▼▼▼

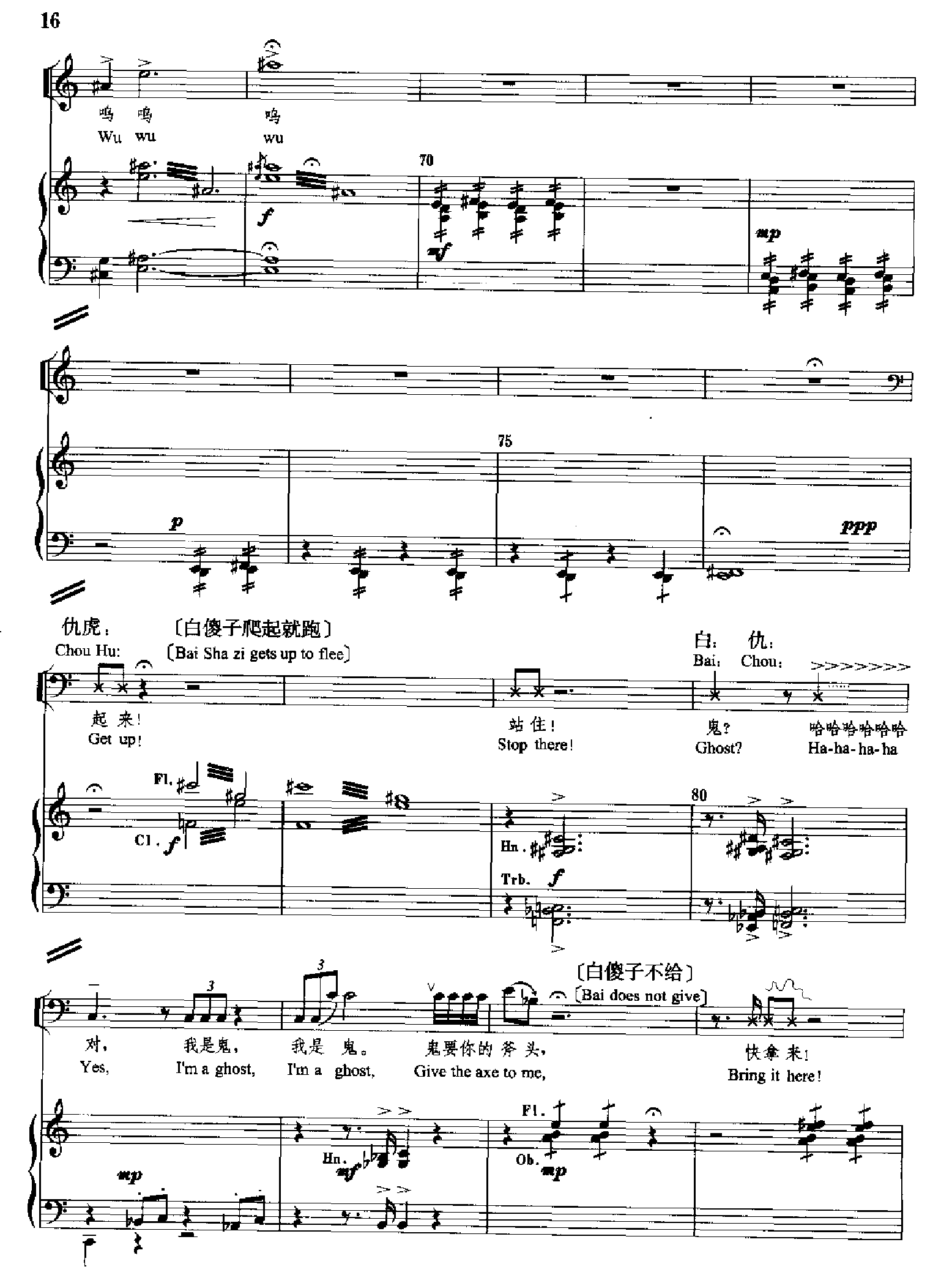 原野(钢琴缩谱)[歌剧] 歌曲类 钢琴伴奏谱钢琴曲谱（图16）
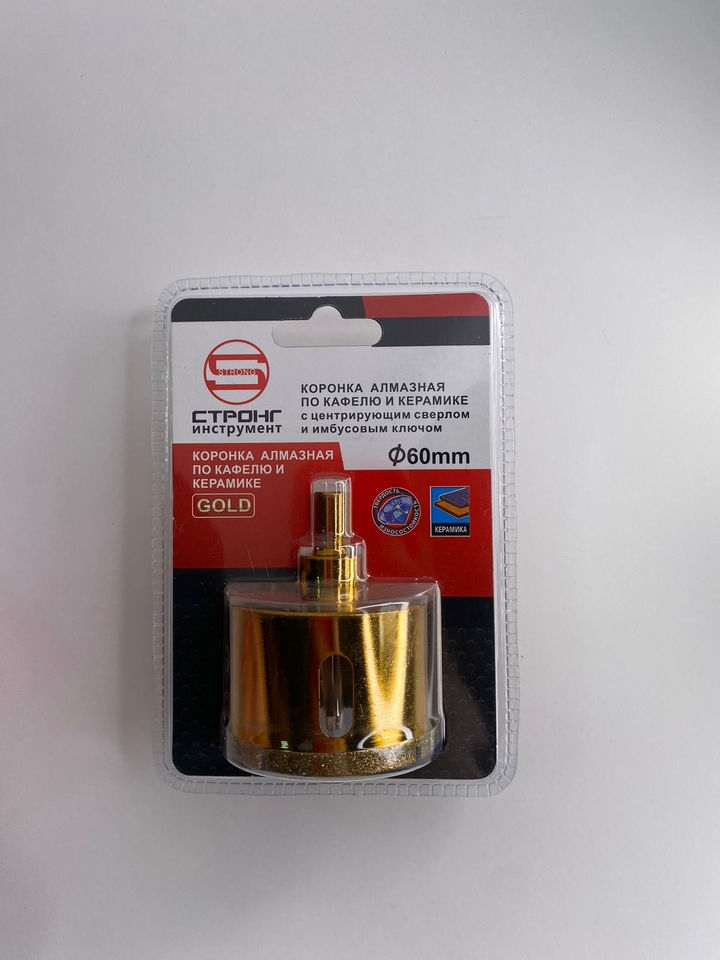 Коронка Strong стк-067 gold 60mm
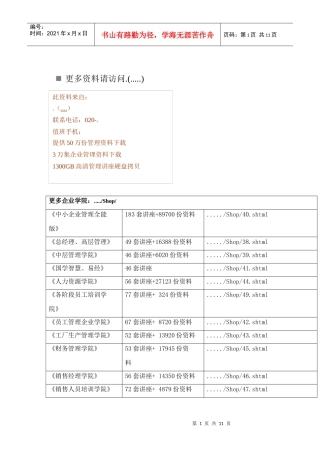 高三历史调研测试试题(doc 12页)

▲▲▲

- Directions
Each line of the listing must be restated word for word, and the pictures left out.

- Answer area
 原野(钢琴缩谱)[歌剧] 歌曲类 钢琴伴奏谱钢琴曲谱（图16）
 Коронка Strong стк-067 gold 60mm
 高三历史调研测试试题(doc 12页)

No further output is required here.